Ecyad Kalesi’nin yıkılması üzerine duyulan acı ile kaleme alınıp dosyalarda saklanan bir yazıdır

 

Suudi Arabistan’ın Mekke şehrindeki Ecyad Kalesi’nin Suudiler tarafından yıkılması karşısında derin üzüntü duymuş bulunmaktayız. Bu olay, Suudilerin Osmanlı eserlerine karşı şimdiye kadarki tavırlarına uygun bir davranış olarak çok sürpriz bir gelişme değildir.

 

Osmanlı’nın tarih sahnesinden çekilişinin üzerinden seksen seneye yakın bir süre geçmiş olmasına rağmen, bu büyük devletin tasfiyesi henüz tamamlanamadı. Günümüzde Osmanlı’nın maddî ve manevî mirası yeterince korunamıyor. Bugün, Düvel-i Muazzama’nın mirasçısı olduğunu göğsünü gere gere söyleyen hiçbir ülke yok yeryüzünde.

 

Osmanlı artığı topraklar üzerinde kurulmuş olan genç Türkiye Cumhuriyeti bile, zorla kabul etmek durumunda kaldığı borçların dışında cedlerinin tarihî ve kültürel mirasına uzunca bir süre duyarsız kaldı. Devletin sahip çıkamadığı bu mirasa millet kısmen sahip çıkmış görünüyor.

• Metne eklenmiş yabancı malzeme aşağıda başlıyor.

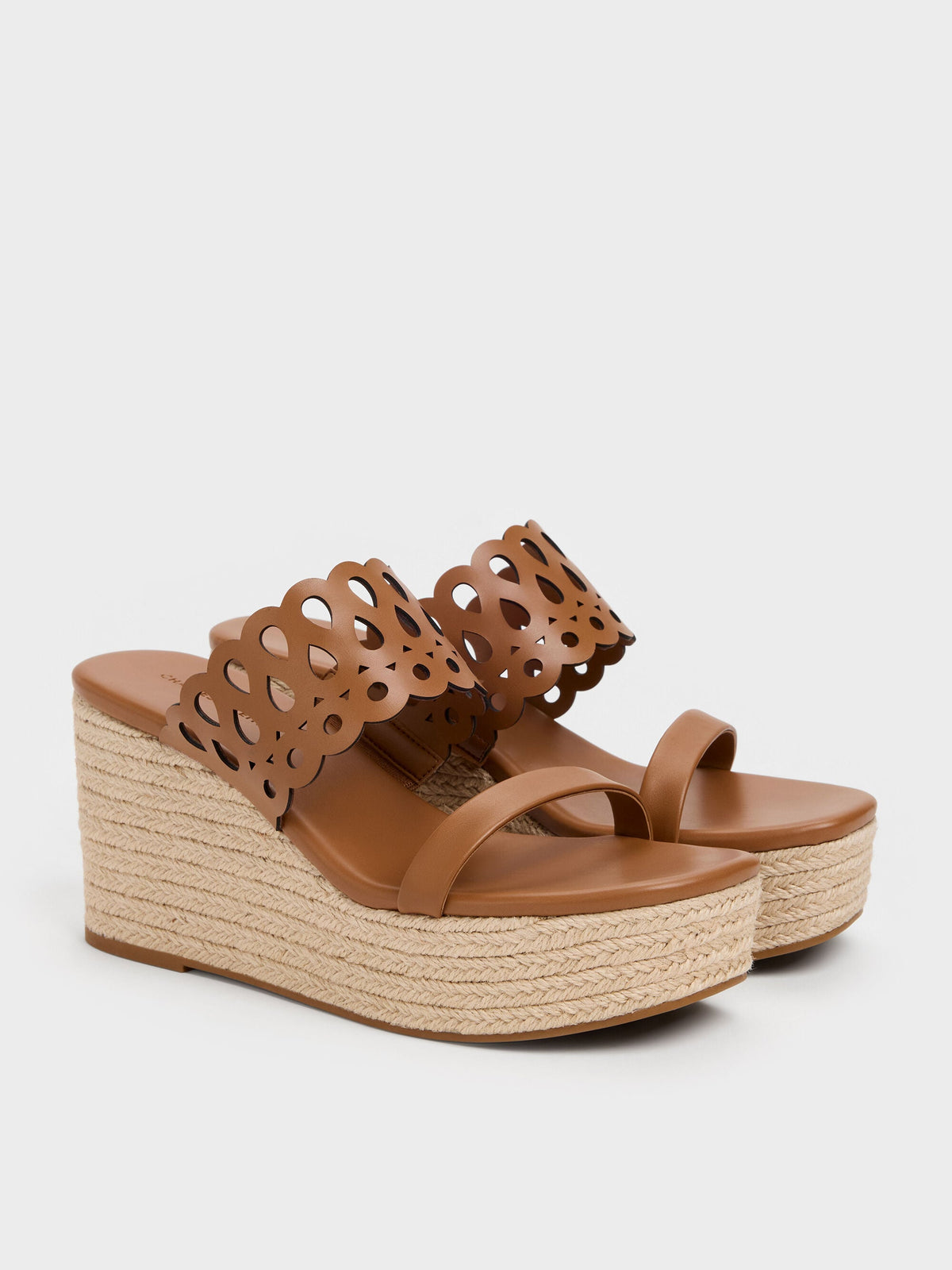 CHARLES & KEITH Featured / Cut-Out Espadrille Wedges - Cognac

Bu durum ise devlet ile millet arasında bazı problemlere ve sıkıntılara yol açıyor.

 

Eserler, onların ne için inşa edildiğine önem verilmeden yaşatılırsa, zamanla gerçek kimliklerini kaybederek, tıpkı ruhun, ölümle terk ettiği bir ceset durumuna düşer.

 

Osmanlı eserleri sadece geçmişten günümüze kalan bir hatıra olarak değil, bir medeniyetin günümüze uzantısı şeklinde değerlendirildiği oranda bir mana ifade edebilir.

 

Osmanlı; yıkılmış, izleri silinmiş ve yok olmuş bir medeniyetin değil, bazı problemler geçirmiş, değişen şartlar karşısında kendi tezlerini tamamı ile insanlığın hizmetine sunamamış, fakat potansiyel olarak kıyamete kadar, her devre uygun tezleri olan bir medeniyetin, yedi asır devam etmiş bir uygulamasıdır.

 

Bugün sadece Osmanlı artığı topraklarda değil, dünyanın bir çok bölgesinde, bu medeniyete dâhil olan milyarlarca insan mevcuttur. Bu insanların varlığı ve zorlamasıyla yıkılışının 80’inci yılına yakın devrelerde Osmanlı’nın kuruluşunun 700’üncü yılı kutlanmıştır.

 

Osmanlı yıkılsa da onun temsilcisi olduğu medeniyet varlığını sürdürmektedir. Fakat, tarihi olarak devamlılığının açıkça zikredilememesi, bu medeniyete ait olan tüm simgelerin, hatıraların ve eserlerin sahipsiz gibi görünmesine yol açmaktadır.

 

Türkiye, Osmanlı’nın sadece borçlarının değil temsilcisi olduğu medeniyetin, tarihin ve coğrafyanın da mirasçıdır. Bu husus, devlet olarak kabul etse de etmese de bu, bugüne kadar olduğu gibi bundan sonra da değişmeyen ve değişmeyecek olan bir gerçektir.

 

Türkiye’nin siyasi sınırları Edirne’den Van’a, Sinop’tan Antalya’ya kadar olsa da, medeniyet ve tarih perspektifinden bakıldığında bir yandan Adriyatik’ten Çin Seddi’ne, diğer yandan da Kırım’dan Sahra Afrika’sının ortalarına ve Yemen’e kadar uzanmaktadır. (Bu bile gerçeğine göre daraltılmış bir sınır olarak yorumlanabilir.)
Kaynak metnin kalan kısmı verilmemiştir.